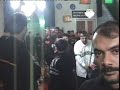 Hz Ali camii Asura 2008 kars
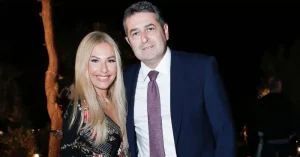 Γιώργος Μυλωνάκης: Πήρε εξιτήριο από το Κέντρο Αποκατάστασης και επέστρεψε σπίτι του – Η συγκινητική ανάρτηση στενού του συνεργάτη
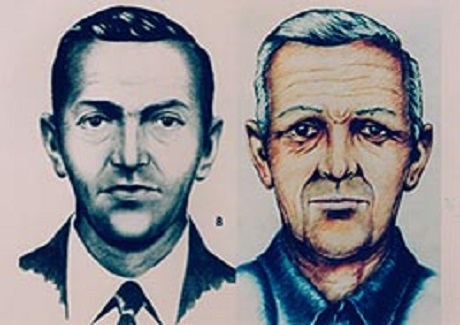 FBI renunţă la o anchetă ce a durat 45 de ani şi care a vizat rezolvarea misteriosului caz al lui DB Cooper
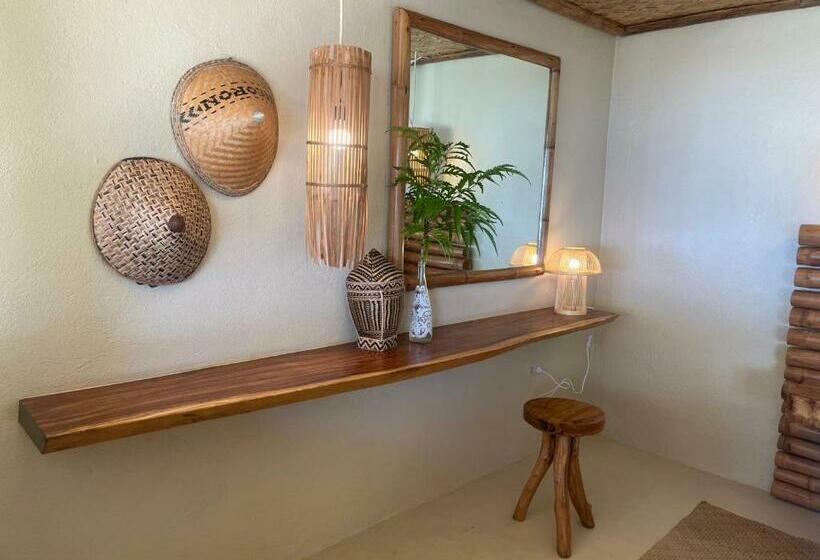 فندق The Beach House Ocam Ocam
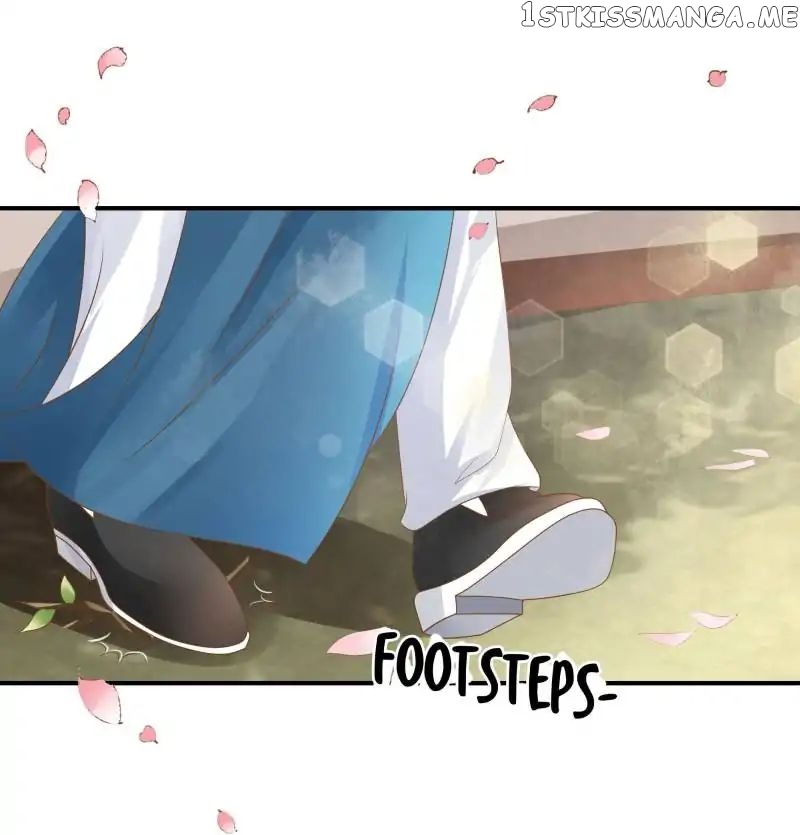Warlord Husband: Shenshen is Gonna be the Winner chapter 89 - page 11
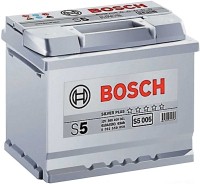 Автоакумулятор Bosch S5 Silver Plus
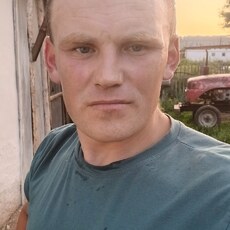 Фотография мужчины Константин, 30 лет из г. Риддер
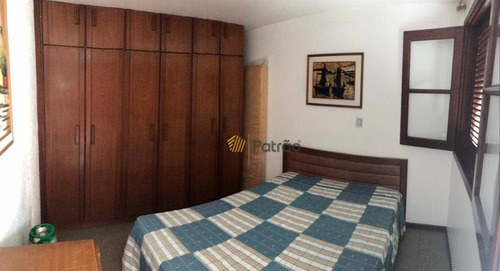 Imagem 12 de 26 de Casa À Venda, 290 M² Por R$ 900.000,00 - Nova Petrópolis - São Bernardo Do Campo/sp - Ca0601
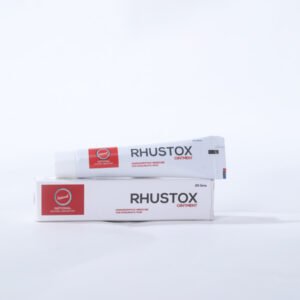 Rhus Tox Ointment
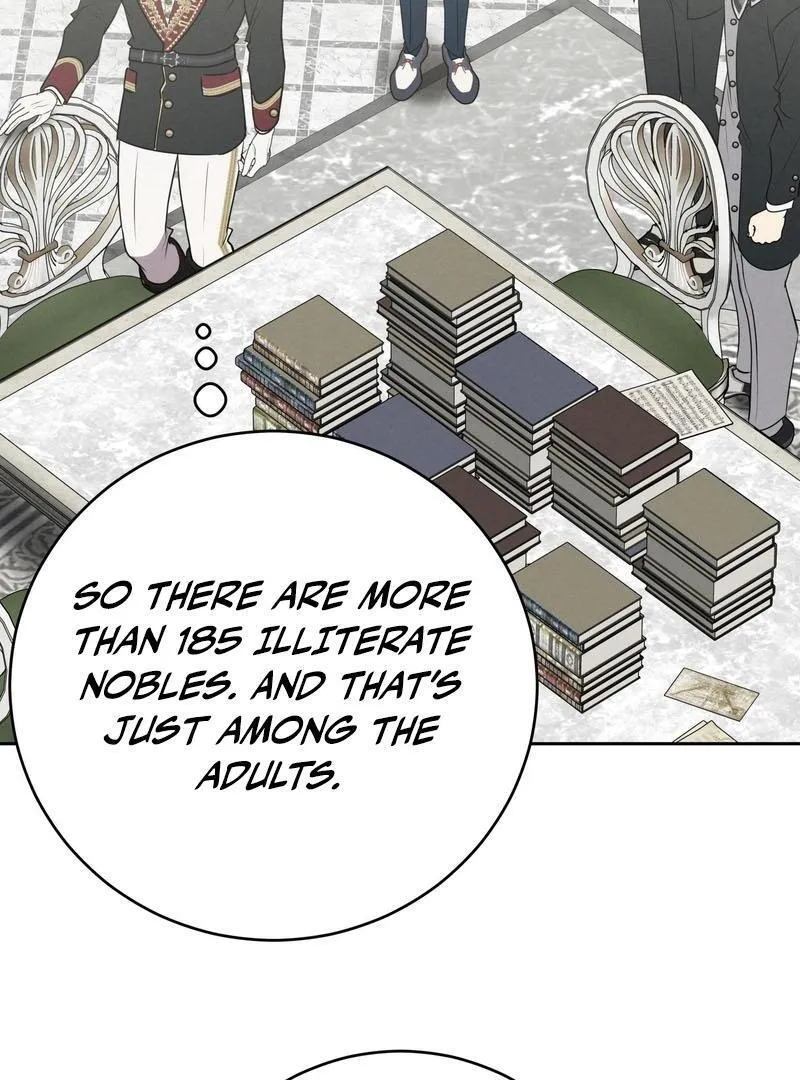 Scandalous Wedding Chapter 44 page 35 - 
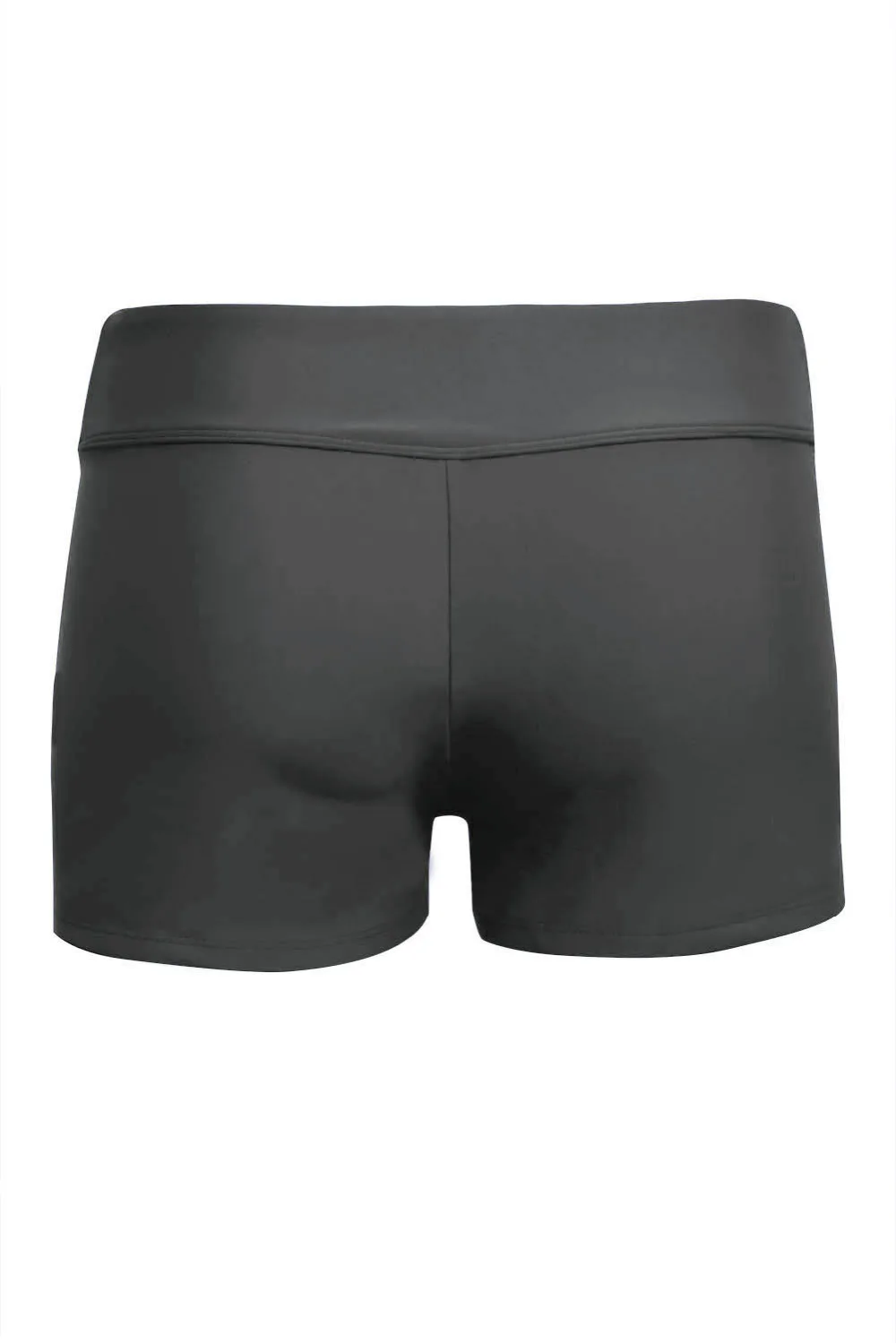 Dark-Grey-Wide-Waistband-Swimsuit-Bottom-Shorts-LC41946-11-4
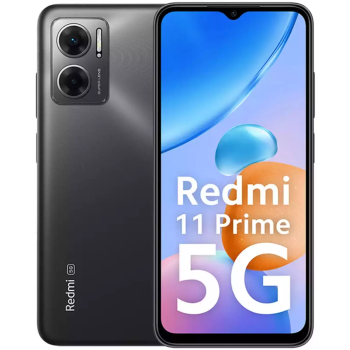 Xiaomi Redmi 11 Prime 5G
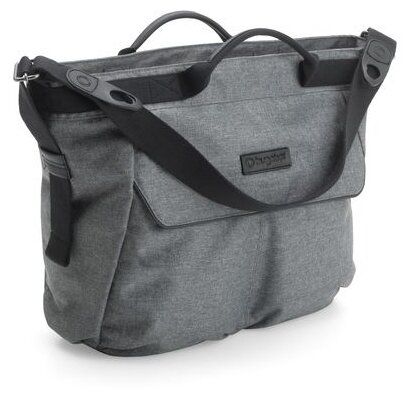 Bugaboo Changing bag GREY MELANGE New WADOO.RU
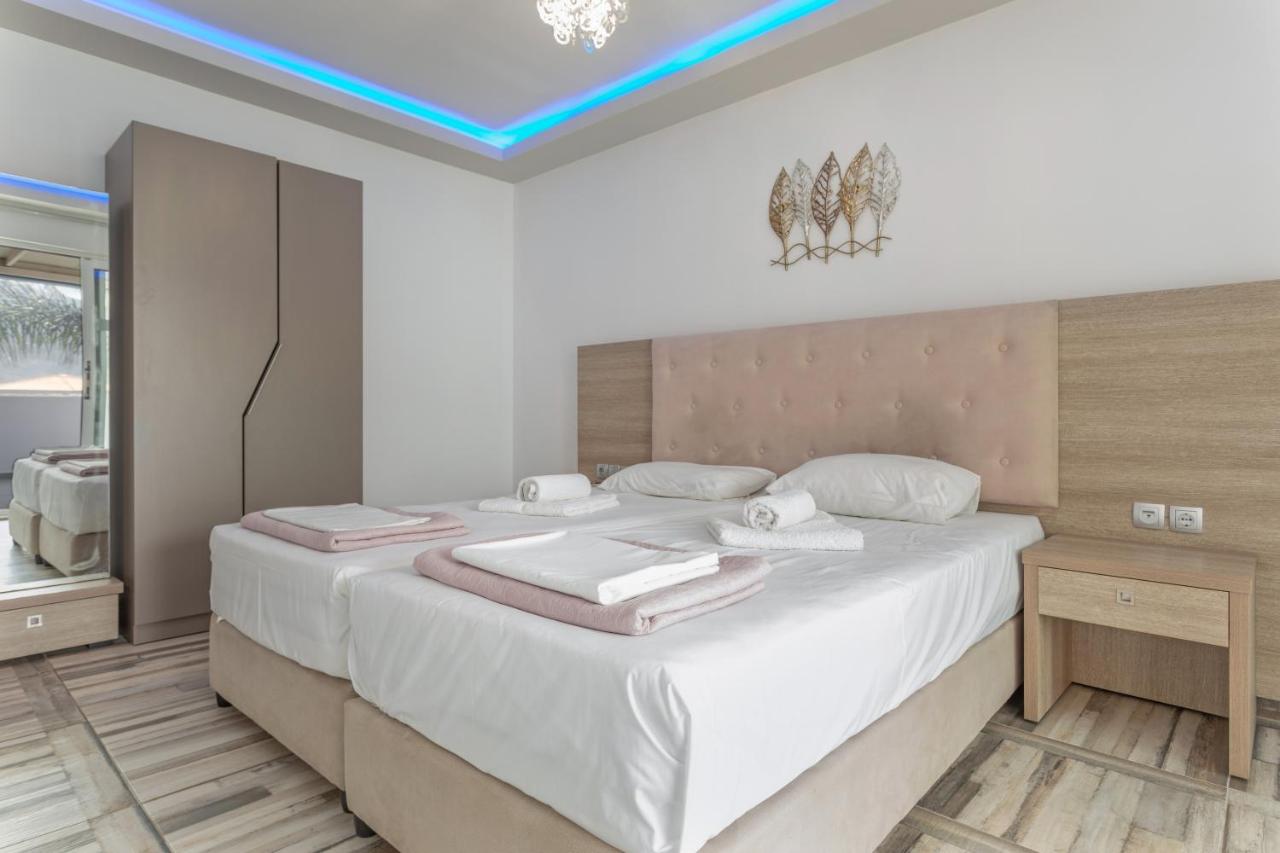 Villa Dionysia Studio S2 - 6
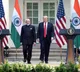 US memo highlights praise for PM Modi’s diplomacy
# # # # # # #
- [Exercise brief] Starting with the line that holds "Xiaomi Redmi 11 Prime 5G", print each line through the last one of the data exactly as written, but do not include the pictures.

- [Written answer]
 Xiaomi Redmi 11 Prime 5G
 Bugaboo Changing bag GREY MELANGE New WADOO.RU
 Villa Dionysia Studio S2 - 6
 US memo highlights praise for PM Modi’s diplomacy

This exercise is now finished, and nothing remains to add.